Joe wrote his first song when he was eight years old and recorded it on his mom’s tape recorder. “I still have it,” he notes of that special opus. He made his stage debut playing Elvis Presley in a school play at 11 miming guitar, and learned to play six-string for real soon after, joining his first band at 15

Walking home because he missed the bus, he met a fellow musician named Pete Willis, who happened to be looking for a guitar player for his band Atomic Mass. But Joe was quickly moved to lead vocals.
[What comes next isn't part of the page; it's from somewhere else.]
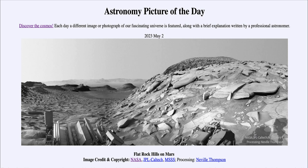Mars does have frozen water ice below the soil and in the polar caps, but it does not have any liquid water presently. However, in the past it did have flowing water, and we have evidence of rivers, lakes, and maybe even an ocean on Mars in the distant past — we're talking many billions of years ago.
Joe suggested to name the band Deaf Leppard (as a kid he would pretend that he was a rock star in an imaginary band he called Deaf Leppard)

As a member of Def Leppard, he wrote pop and soft rock music for various music artists such as Led Zeppelin and Deep Purple.

James Hetfield

For Metallica’s 1991 song “The God That Failed”, the lyrics and song material were inspired by Hetfield’s anguish on the circumstances surrounding his mother’s death. She died of cancer after refusing medical attention, solely relying on her belief in God to heal her. Hetfield felt that had she not followed her Christian Science beliefs, she could have survived.

James Hetfield was a janitor before Metallica. In 1991, Hetfield blew his voice doing a cover of the song “So What” during the recording of the album Metallica, and had to be completely retrained. He has the recording still on tape and practices with it before every show.

Kip Winger

Kip’s theatrical composing debut is the musical thriller Get Jack. The story revolves around the five female victims of Jack the Ripper. This became a concept album that entered at #7 on Billboard’s Cast Albums chart.

He and his brothers all played in a band called Blackwood Creek. He co-wrote one of the songs on “Midnite Dynamite,” KIX’s third album from 1984, which was his big break. This led to a collaboration with Alice Cooper on two albums (after which he joined Cooper’s band in 1985.)

I just write – we write the exact same way we’ve always written since the ’80s: Set up a drum machine, write some riffs, and once we get the stuff the kind of quality we want riff-wise, then we start to shape the arrangements.